The Basilica of Santa Maria del Mar (in Catalan, Basílica de Santa Maria del Mar; and in Spanish, Basílica de Santa María del Mar) is a religious temple located in the Barri de La Ribera, in the historic center of Barcelona. In addition, it’s one of the best-known basilicas in the Catalan capital, along with the Basilica of the Sagrada Familia and the Basilica of Santa Maria del Pi.
Built between 1329 and 1384, the Basilica of Santa Maria del Mar is considered one of the finest examples of Gothic architecture in the Catalonia region. And if you think the main façade is impressive, wait until you see its interior. This is because the breadth and grandeur of the three naves leave anyone speechless!
So, do you want to know How To Visit The Basilica Of Santa Maria Del Mar In 2024? Keep reading!
No time to read now? Pin it for later!
- Brief History of the Basilica of Santa Maria del Mar
- How to Get to the Basilica of Santa Maria del Mar
- What to See at the Basilica of Santa Maria del Mar
- More Posts about Spain
- More Posts about Religious Temples
- What Photography Gear Do I Use?
Brief History of the Basilica of Santa Maria del Mar
The history of the Basilica of Santa Maria del Mar dates back to the times of the Roman Empire when Christianity arrived in the Roman colony of Barcino – present-day Barcelona. At that time, the Christian community was still a small minority, living outside the city walls and by the Mediterranean Sea.
The first records of the Parish of Santa Maria del Mar (in Catalan, Parròquia de Santa Maria del Mar; and in Spanish, Parroquia de Santa María del Mar) date from the 7th century. But it’s known that there used to be a chapel dedicated to the Santa Maria de les Areias (in Spanish, Santa María de las Arenas).
At the beginning of the 14th century, the neighborhood known today as Barri de La Ribera was the home of the population of Barcelona linked to port activity: sailors, fishermen, merchants, boat builders, etc. For this reason, the ecclesiastical authorities and the Crown of Aragon decided to build a church that would better serve their people.

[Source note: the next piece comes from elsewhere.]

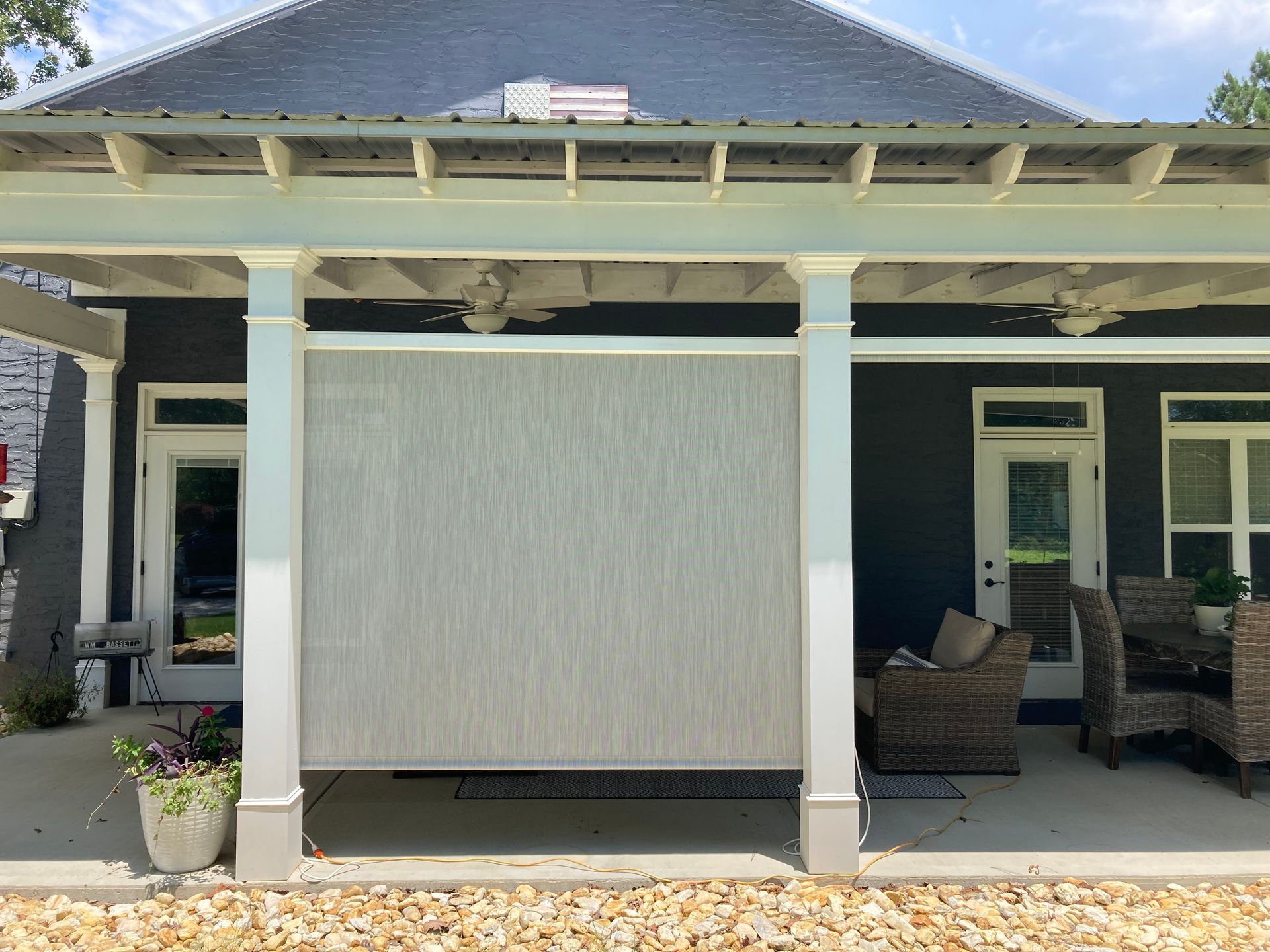 Outdoor patio with a retractable gray screen, supported by white columns, in front of a dark-colored house.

The first stone of the Basilica of Santa Maria del Mar was laid on March 25th, 1329, and the last on November 3rd, 1383. The architects responsible for the project were Berenguer de Montagut and Ramon Despuig, and the temple was consecrated by Pere de Planella (the then Bishop of Barcelona), on August 15th, 1384.
How to Get to the Basilica of Santa Maria del Mar
As I mentioned earlier, the Basilica of Santa Maria del Mar is located in the historic center of Barcelona, so it’s very easy to get there. The Catholic church is about 300 meters from Jaume I and Barceloneta stations (both served by metro line 4), as well as from the Estación de Francia (the second largest train station in the city).

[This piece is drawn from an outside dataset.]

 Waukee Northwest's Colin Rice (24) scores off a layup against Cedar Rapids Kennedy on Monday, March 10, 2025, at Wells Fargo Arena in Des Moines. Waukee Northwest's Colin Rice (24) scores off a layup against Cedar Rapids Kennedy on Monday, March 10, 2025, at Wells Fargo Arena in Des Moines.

Opening Hours & Ticket Prices
The Basilica of Santa Maria del Mar is open every day for cultural visits, from 10 am to 8:30 pm. As for tickets, there are two types: one costs €5 and gives access to the temple’s interior, the space/museum of the tribunes, and the crypt; the other is priced at €10 and includes all these visiting spaces, plus the towers and roofs.
TIP: Barcelona Card holders have a €1 discount on the ticket!
What to See at the Basilica of Santa Maria del Mar
The Main Façade of the Basilica of Santa Maria del Mar (in Catalan, Façana Principal; and in Spanish, Fachada Principal) faces Santa Maria Square (in Catalan, Plaça de Santa Maria; and in Spanish, Plaza de Santa María).
Flanked by two octagonal towers, the Main Façade has an austere and massive appearance, with smooth surfaces and shapes with the same depth – some typical features of the Catalan Gothic style, which distinguish it from the Gothic style of central and northern Europe.
Also, the rose window and other windows of the Basilica of Santa Maria del Mar have simple details and more discreet stained glass and are much smaller in number when compared to Gothic churches in France, Germany, Belgium, and England.
The High Altar of the Basilica of Santa Maria del Mar (in Catalan, Altar Major; and in Spanish, Altar Mayor) is the most important space of this Catholic temple. Unfortunately, its magnificent Baroque altarpiece was destroyed at the start of the Spanish Civil War, after a violent assault and fire on July 19th, 1936.
As you can see from the photograph, there’s no architectural separation between the central nave and the presbytery, which precedes the High Altar – not even a transept. In reality, the “heart” of the Basilica of Santa Maria del Mar is visible from almost every corner of the church!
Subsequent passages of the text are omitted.